Civil and environmental engineering professor Praveen Kumar and graduate student Dong Kook Woo published their work in the journal Water Resources Research.
“By understanding how long nitrogen stays in the soil and the factors that drive that, we can improve the precision at which we apply nitrogen for agriculture productivity,” said Kumar, also a professor of atmospheric sciences. “We may be able to apply fertilizer specifically in areas that are deficient in nitrogen, in precisely the amount that the plants need to uptake, rather than just applying it uniformly. Potentially, we could see a significant reduction in fertilizer amounts.”
Plants take up nitrogen from the soil through their roots as a nutrient. Nitrogen is added to the soil through fertilizer application or by microbes in the soil breaking down organic compounds. However, when there is more nitrogen in the soil than the plants need, it leaches out into the water and can accumulate in lakes, rivers and oceans, reports Science Daily.
“Nitrogen, usually in the form of nitrate fertilizer, is needed for healthy crop production, but too much is not a good thing since the excess can contaminate water supplies,” said Richard Yuretich, program director in the National Science Foundation’s Division of Earth Sciences, which funded the research. “Knowing how long nitrate resides in the soil will lead to more efficient agriculture that maximizes plant health without overdosing the environment.”
Kumar and Woo developed a numerical model to calculate how long inorganic nitrogen has been in the soil, using a corn-corn-soybean rotation common in the Midwest. Fresh fertilizer application or microbial production of nitrates and ammonium are considered “birth,” or age zero. The researchers then computed age by the chemical reactions or transformations nitrogen goes through in the soil, mediated by moisture, temperature and microbes.
The model revealed two surprising findings when comparing the average age of nitrogen in the topsoil with that in deeper layers, and in comparing corn fields with soybean fields.
“The biggest surprise to me was that we found a lower average age of nitrogen in soybean fields,” Woo said. “We use fertilizer on corn, not soybeans. Yet even though we count that fresh fertilizer as age zero, we found a lower average age of nitrogen in soybean fields. We found that is mainly because soybeans uptake the old nitrogen, so the average age is reduced.”

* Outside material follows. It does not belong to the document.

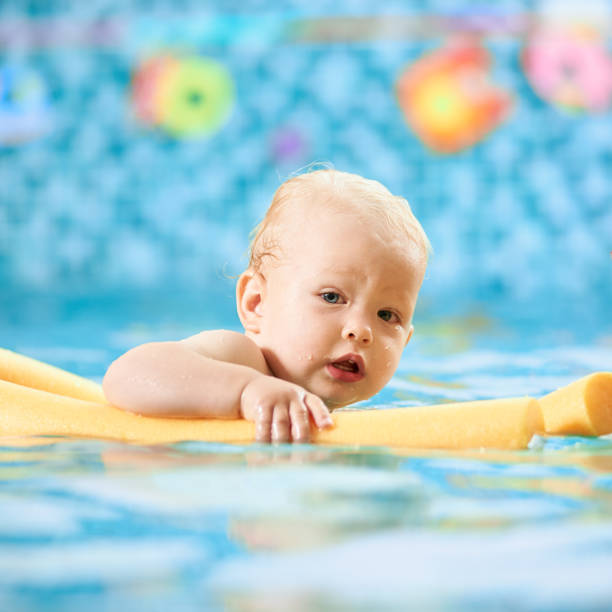 istock Baby having fun in the swimming pool 1198092935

When looking at the layers of soil, the researchers initially expected that nitrogen would follow a similar age path to water: newer on top, and growing older as it migrates down through the soil. However, they found that the nitrogen topsoil had a relatively high average age when compared with the water. Looking closer, they realized that one of the forms of nitrogen, ammonium, accumulated in the topsoil.
“Ammonium has a positive charge, which adheres to the soil particles and prevents it from leaching to the deeper layers,” Woo said. “Because of that, we observe relatively higher nitrogen age in the upper layers, compared with the age of the nitrate that dissolves in water, which doesn’t have that barrier and can migrate down through the soil.”
The researchers have established a field site to validate their model by analyzing the isotopic composition of nitrogen, oxygen and water in the runoff. They hope that their work can help farmers more efficiently use resources while also reducing contamination of water sources and marine habitats.
“The idea of using age for chemical analysis is not new, but no one has studied nitrogen age in the context of an agricultural setting,” Kumar said. “By doing that, we are able to reveal patterns of stagnation in the soil, which is different than just using the concentration of nitrogen. The main idea is that there is a better way to apply fertilizer over a landscape than we do presently. We should be looking into more precise approaches.”